The header file <boost/algorithm/cxx11/is_sorted.hpp> contains functions for determining if a sequence is ordered.

is_sorted

The function is_sorted(sequence) determines whether or not a sequence is completely sorted according so some criteria. If no comparison predicate is specified, then std::less_equal is used (i.e, the test is to see if the sequence is non-decreasing)

namespace boost { namespace algorithm {
	template <typename Iterator, typename Pred>
	bool is_sorted ( Iterator first, Iterator last, Pred p );
	
	template <typename Iterator>
	bool is_sorted ( Iterator first, Iterator last );
	
	
	template <typename Range, typename Pred>
	bool is_sorted ( const Range &r, Pred p );
	
	template <typename Range>
	bool is_sorted ( const Range &r );
}}

Iterator requirements: The is_sorted functions will work on all kinds of iterators (except output iterators).

is_sorted_until

The function is_sorted_until(sequence, predicate) compares each sequential pair of elements in the sequence, checking if they satisfy the predicate. it returns the first element of the sequence that does not satisfy the predicate with its' predecessor. In short, it returns the element in the sequence that is "out of order". If all adjacent pairs satisfy the predicate, then it will return one past the last element of the sequence.

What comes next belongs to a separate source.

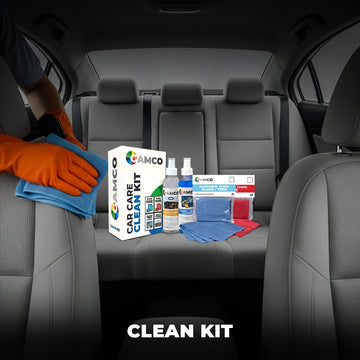 GAMCO Store Clean Kit with glass cleaner, multi-surface cleaner, and microfiber towels for car interior detailing.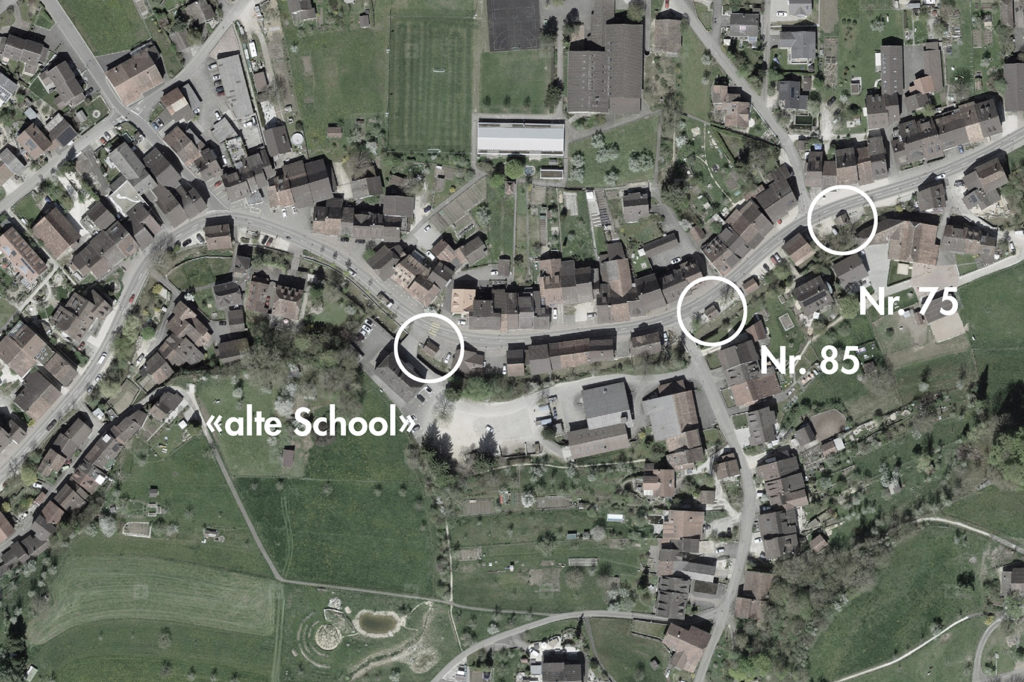 Bachzeilendorf mit hohen städtebaulichen Qualitäten: Ziefen im Fünflibertal (bearbeitet), Grundlagen Luftbild © Bundesamt für Landestopografie swisstopo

namespace boost { namespace algorithm {
	template <typename ForwardIterator, typename Pred>
	FI is_sorted_until ( ForwardIterator first, ForwardIterator last, Pred p );
	
	template <typename ForwardIterator>
	ForwardIterator is_sorted_until ( ForwardIterator first, ForwardIterator last );
	
	
	template <typename Range, typename Pred>
	typename boost::range_iterator<const R>::type is_sorted_until ( const Range &r, Pred p );
	
	template <typename Range>
	typename boost::range_iterator<const R>::type is_sorted_until ( const Range &r );
}}

Iterator requirements: The is_sorted_until functions will work on forward iterators or better. Since they have to return a place in the input sequence, input iterators will not suffice.

Complexity: is_sorted_until will make at most N-1 calls to the predicate (given a sequence of length N).

Examples:

Given the sequence { 1, 2, 3, 4, 5, 3 }, is_sorted_until ( beg, end, std::less<int>()) would return an iterator pointing at the second 3.

Given the sequence { 1, 2, 3, 4, 5, 9 }, is_sorted_until ( beg, end, std::less<int>()) would return end.

There are also a set of "wrapper functions" for is_ordered which make it easy to see if an entire sequence is ordered. These functions return a boolean indicating success or failure rather than an iterator to where the out of order items were found.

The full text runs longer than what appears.